For NHI governance, this is especially important because service accounts, API keys, certificates, and workload tokens rarely stay confined to one runtime. NHIMG’s Ultimate Guide to NHIs documents how secrets, excessive privilege, and weak offboarding remain common across enterprises. The practical response is to standardise on short-lived access where possible, centralise authoritative inventory, and make revocation an automated event, not a manual ticket.
Implementation usually depends on four steps:
- Maintain a single inventory of identities, entitlements, and secret locations across all deployment models.
- Map every identity to one policy baseline for least privilege, review cadence, and expiration.
- Use automation to rotate or revoke credentials when workloads are redeployed, scaled down, or migrated.
- Validate that logging, approvals, and exception handling survive the move from one environment to another.
Where this becomes especially important is in hybrid estates that rely on separate admin domains, because control handoffs between platform teams often create blind spots that are not visible in either toolchain alone. These controls tend to break down when one environment uses long-lived human-style accounts and the other uses ephemeral workload tokens, because the governance process can no longer reconcile them consistently.
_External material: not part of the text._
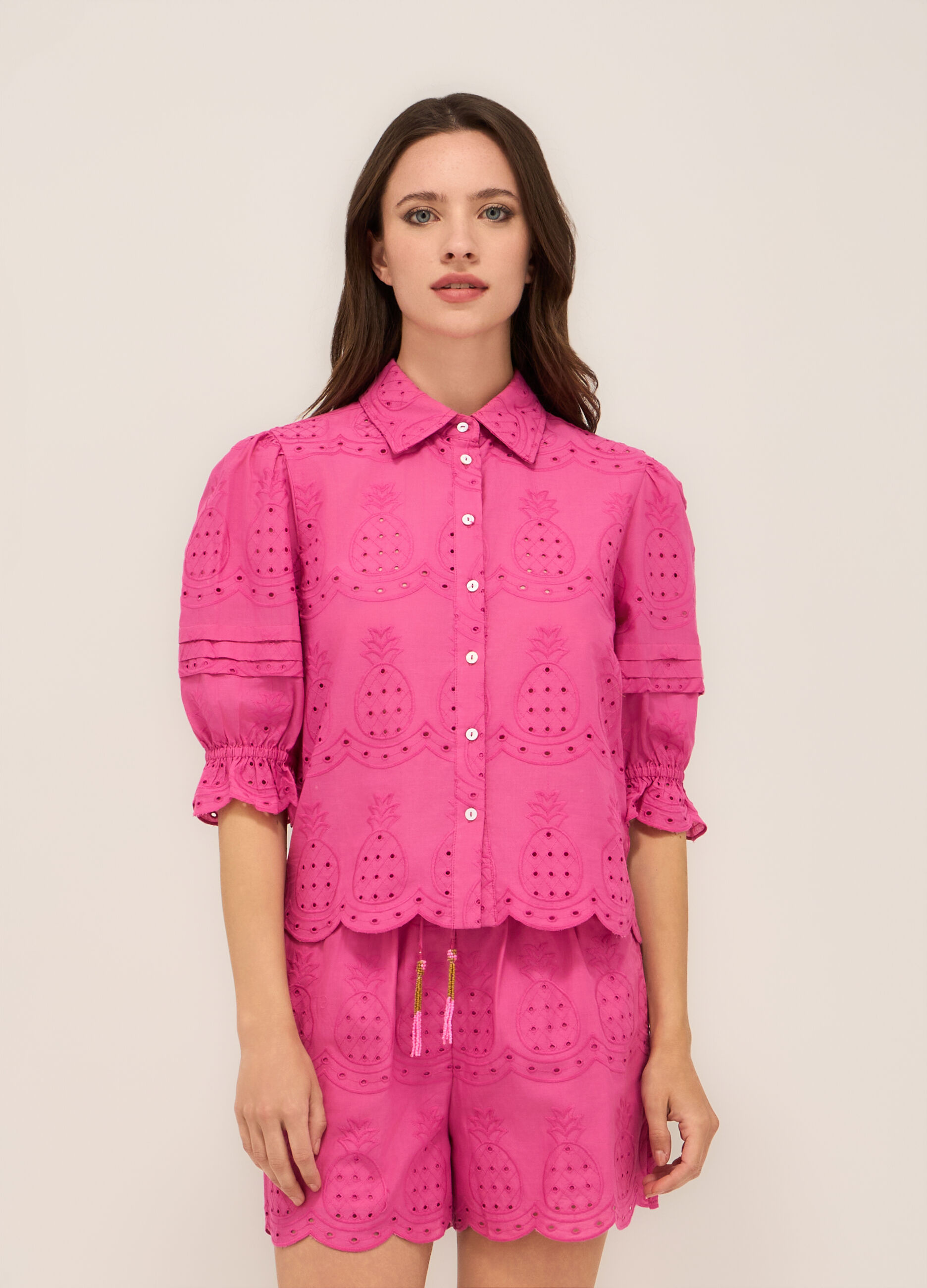 Camicia in puro cotone sangallo donna_0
Common Variations and Edge Cases
Tighter cross-environment governance often increases operational overhead, requiring organisations to balance consistency against local platform constraints. Best practice is evolving here, and there is no universal standard for how much policy should be centralised versus delegated. Some teams need a common policy layer, while others can only achieve alignment through shared control objectives and environment-specific enforcement.
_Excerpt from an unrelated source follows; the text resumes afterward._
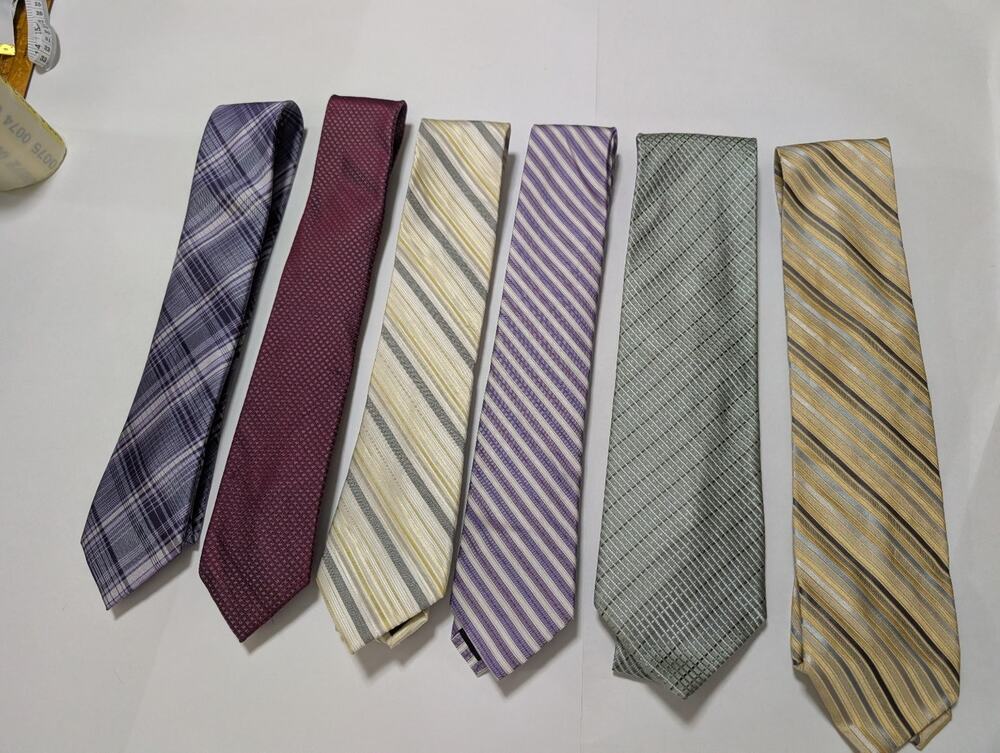 Calvin Klein Men's Necktie Lot of 6 Silk & Polyester Plaid Striped Textured Ties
One edge case is regulated infrastructure where on-premises systems cannot support the same automation as cloud platforms. In those environments, identity governance may need compensating controls such as shorter review cycles, stronger manual attestations, and tighter exception expiry dates. Another common failure mode appears during migrations: identities are duplicated for continuity, but the old instance is never fully decommissioned, creating parallel entitlements that outlive the project.
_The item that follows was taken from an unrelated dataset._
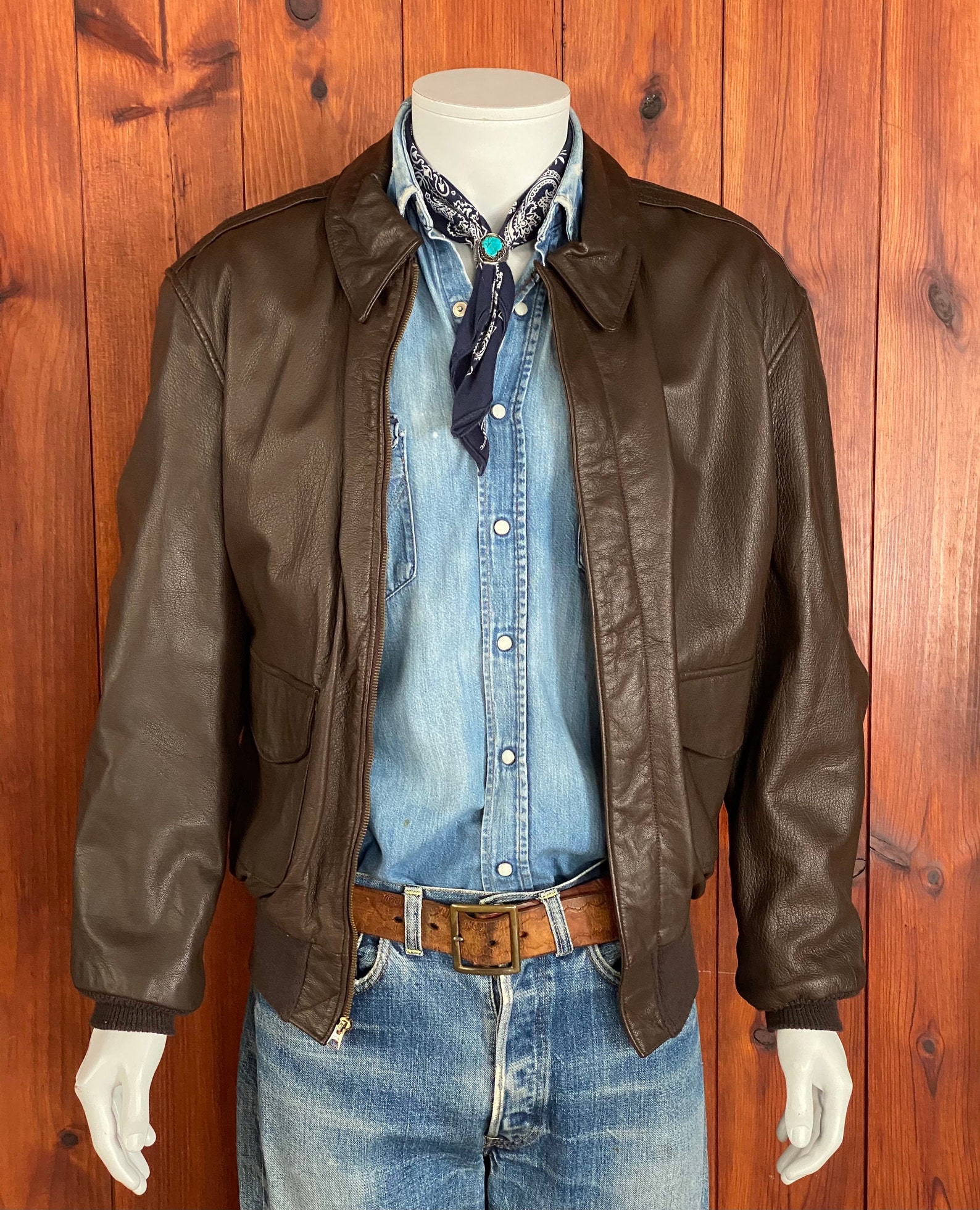 Vintage Cooper A2 flight leather jacket Made In USA. Size 40 Etsy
NHIMG’s Top 10 NHI Issues and the 52 NHI Breaches Analysis both reinforce the same lesson: governance failures are often less about one bad system than about inconsistent treatment across systems. For teams operating at scale, the practical test is simple. If an identity can move, replicate, or expire differently depending on deployment model, then governance is not yet portable enough for real-world resilience.
Standards & Framework Alignment
This section maps relevant standards and security frameworks to the operational risks and controls described in this guidance.
OWASP Non-Human Identity Top 10 address the attack and risk surface, while NIST CSF 2.0, NIST SP 800-63, NIST Zero Trust (SP 800-207) and NIST AI RMF set the governance and control requirements practitioners need to meet.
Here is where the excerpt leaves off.